• Data for review:
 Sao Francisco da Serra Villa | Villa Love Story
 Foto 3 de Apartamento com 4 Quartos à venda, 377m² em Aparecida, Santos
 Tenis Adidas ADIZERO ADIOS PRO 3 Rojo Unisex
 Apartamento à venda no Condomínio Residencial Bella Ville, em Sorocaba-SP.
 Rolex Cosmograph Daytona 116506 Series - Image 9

---

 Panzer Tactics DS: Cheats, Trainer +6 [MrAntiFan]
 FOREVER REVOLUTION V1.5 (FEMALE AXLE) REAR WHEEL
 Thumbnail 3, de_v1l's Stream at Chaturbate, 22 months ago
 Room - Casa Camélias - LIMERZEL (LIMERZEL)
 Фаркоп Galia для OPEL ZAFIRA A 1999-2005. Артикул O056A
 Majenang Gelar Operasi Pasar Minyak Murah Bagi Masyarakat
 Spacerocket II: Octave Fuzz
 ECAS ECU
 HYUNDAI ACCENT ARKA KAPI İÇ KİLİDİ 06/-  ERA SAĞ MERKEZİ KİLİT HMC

==

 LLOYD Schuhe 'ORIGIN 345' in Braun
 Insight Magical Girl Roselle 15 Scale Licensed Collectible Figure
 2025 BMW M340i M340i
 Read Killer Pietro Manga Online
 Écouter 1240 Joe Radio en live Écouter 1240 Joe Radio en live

• Task brief:
Out of the data above, set down the lines from the one with "Sao Francisco da" to the one with "Rolex Cosmograph Daytona", both included, exactly as written and with no additions.

• Answer section:
 Sao Francisco da Serra Villa | Villa Love Story
 Foto 3 de Apartamento com 4 Quartos à venda, 377m² em Aparecida, Santos
 Tenis Adidas ADIZERO ADIOS PRO 3 Rojo Unisex
 Apartamento à venda no Condomínio Residencial Bella Ville, em Sorocaba-SP.
 Rolex Cosmograph Daytona 116506 Series - Image 9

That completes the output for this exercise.